**Source information:**

Start of Block

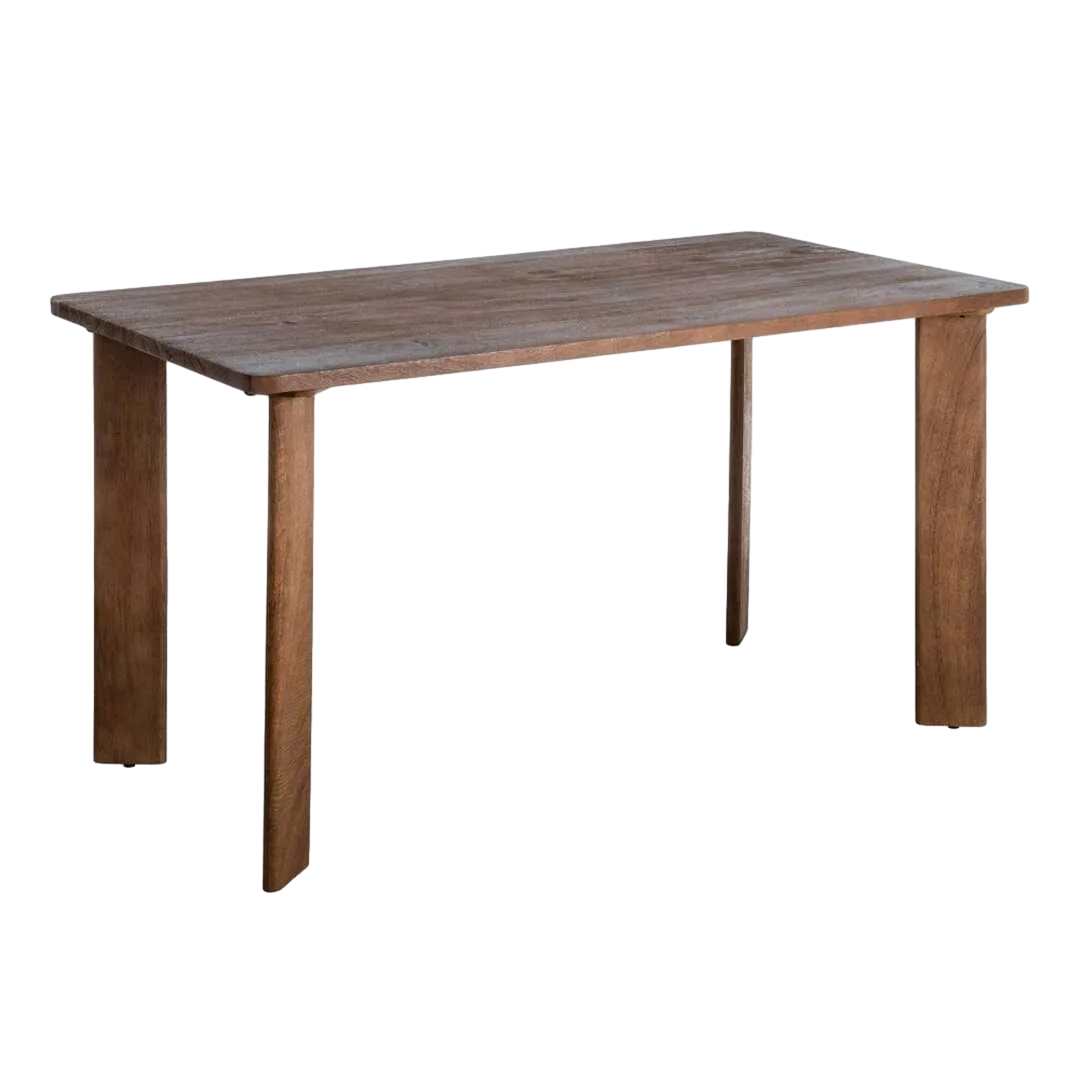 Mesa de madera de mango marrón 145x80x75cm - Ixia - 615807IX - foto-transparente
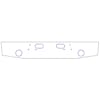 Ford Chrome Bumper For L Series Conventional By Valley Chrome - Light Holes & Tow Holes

End of Block
Start of Block

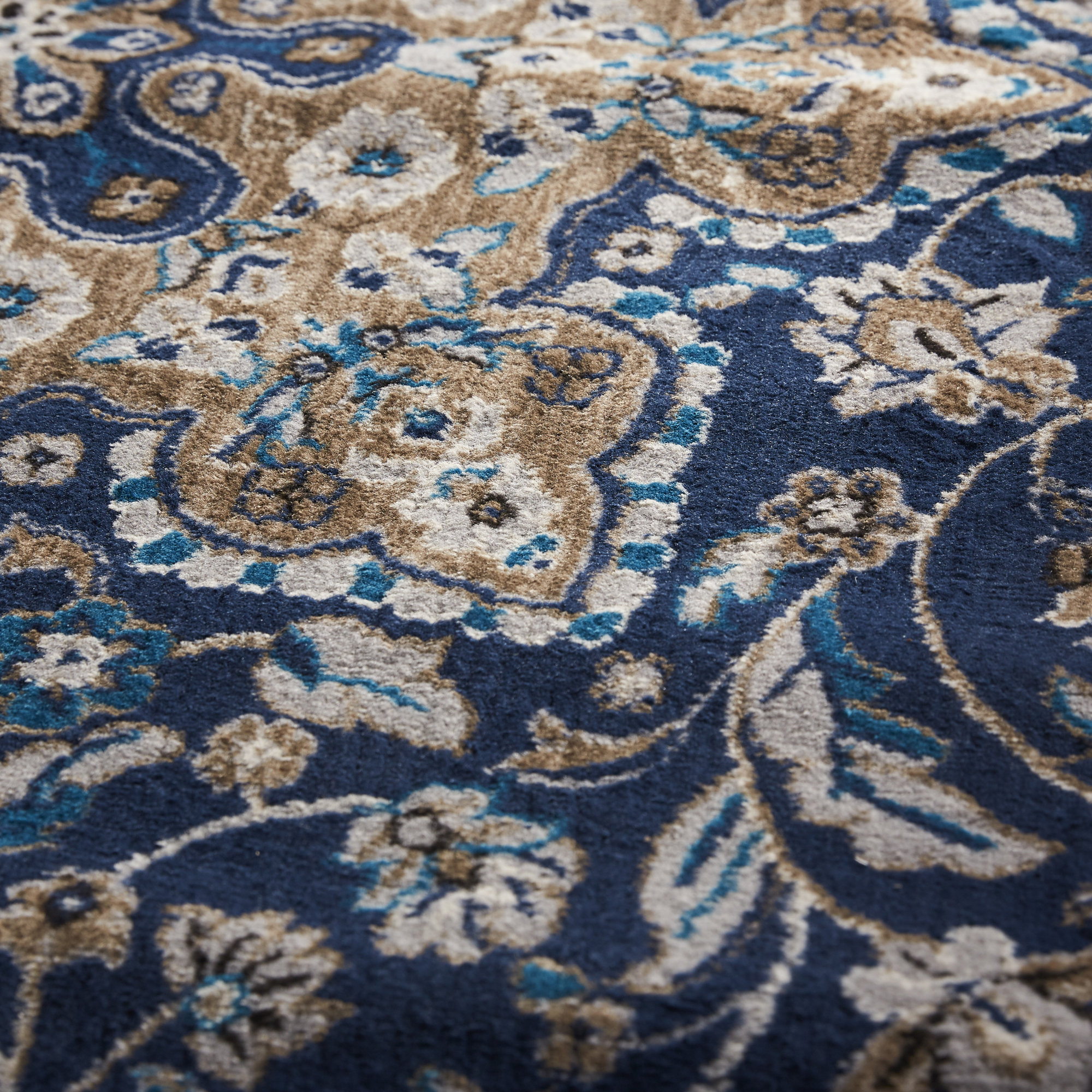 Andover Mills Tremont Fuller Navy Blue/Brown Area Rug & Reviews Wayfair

End of Block

**Task to carry out:** Going by the data above, the answer is exactly the lines from the one holding "Mesa de madera" to the one holding "Ford Chrome Bumper", both kept, with the pictures left out.

**Task answer:**
 Mesa de madera de mango marrón 145x80x75cm - Ixia - 615807IX - foto-transparente
 Ford Chrome Bumper For L Series Conventional By Valley Chrome - Light Holes & Tow Holes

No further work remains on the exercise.